Compilation album by Various artists
- Released: 2010
- Recorded: 2009–2010
- Genres: Rock and roll, garage rock
- Labels: The Wind, Norton, Burger
- Producers: Rich Tupica, Billy Miller

= Daddy Rockin' Strong: A Tribute to Nolan Strong & the Diablos =

Daddy Rockin' Strong: A Tribute to Nolan Strong & the Diablos is tribute album recorded by various artists in celebration of singer Nolan Strong. The album was first released in a vinyl-only edition by The Wind Records and distributed by Norton Records. On January 21, 2013, Burger Records re-issued the compilation on cassette tape.
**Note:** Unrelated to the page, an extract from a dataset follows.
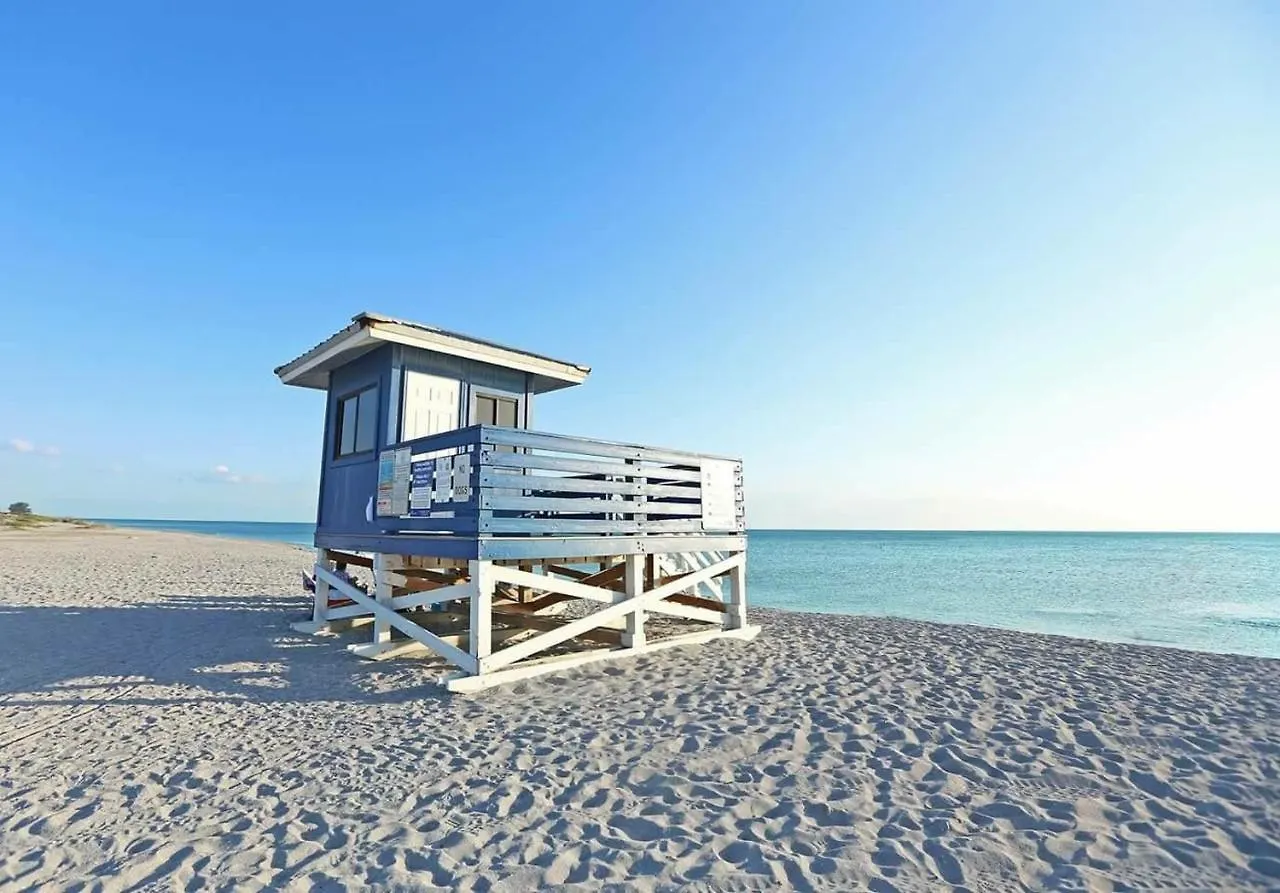 Tatil Evi Siesta Beach Cottage, Sleeps 6, Walk To Beach, Stores, & Restaurants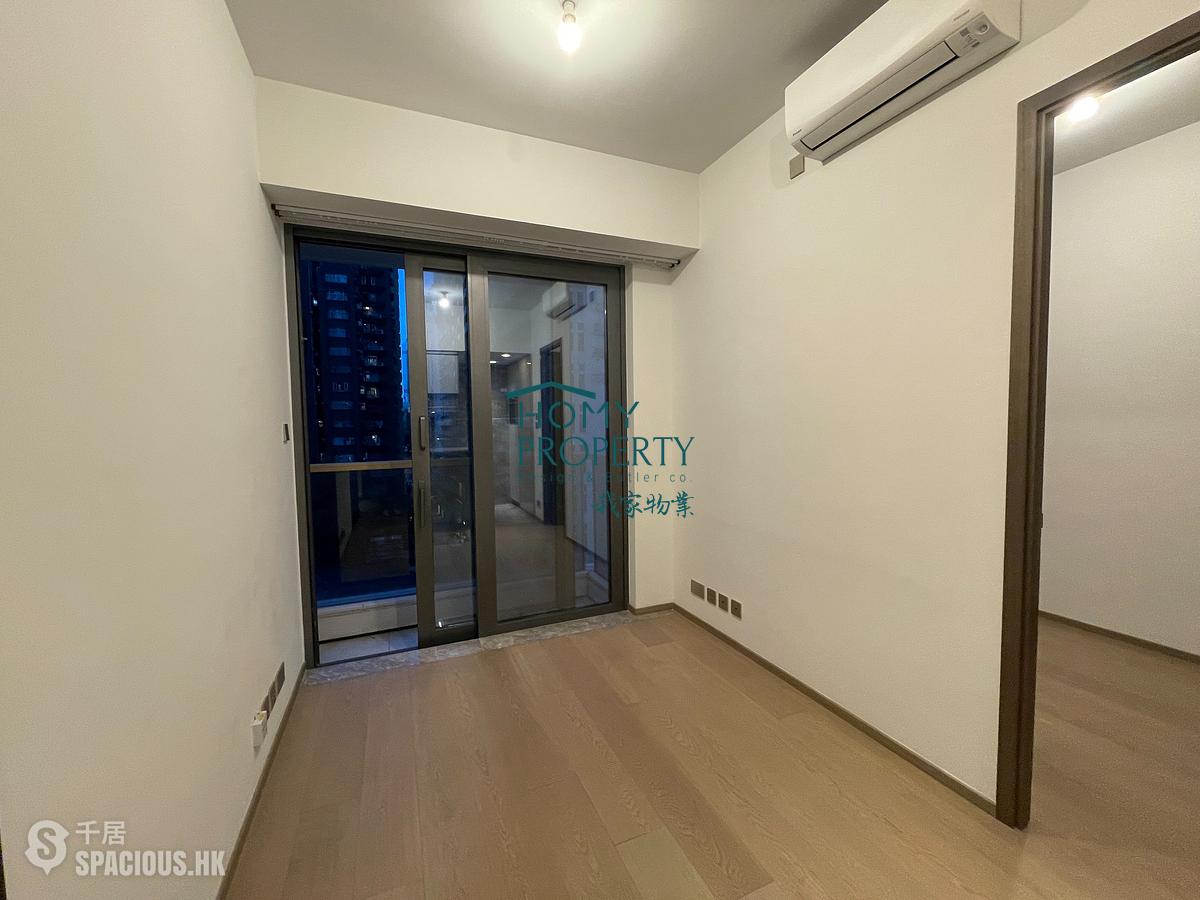 Sai Ying Pun - 15, Western Street 01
The record was compiled in memory of Strong, a Detroit-based R&B singer known for his high tenor voice that influenced a young Smokey Robinson. Strong, who signed to Fortune Records in 1954, was a sensation in R&B music before the creation of Motown Records. He is best known for his hit songs "The Wind" and "Mind Over Matter". He died in 1977 and is buried in Detroit. Because Fortune Records ceased operations in the mid-1980s, Strong's music has remained out of print since then.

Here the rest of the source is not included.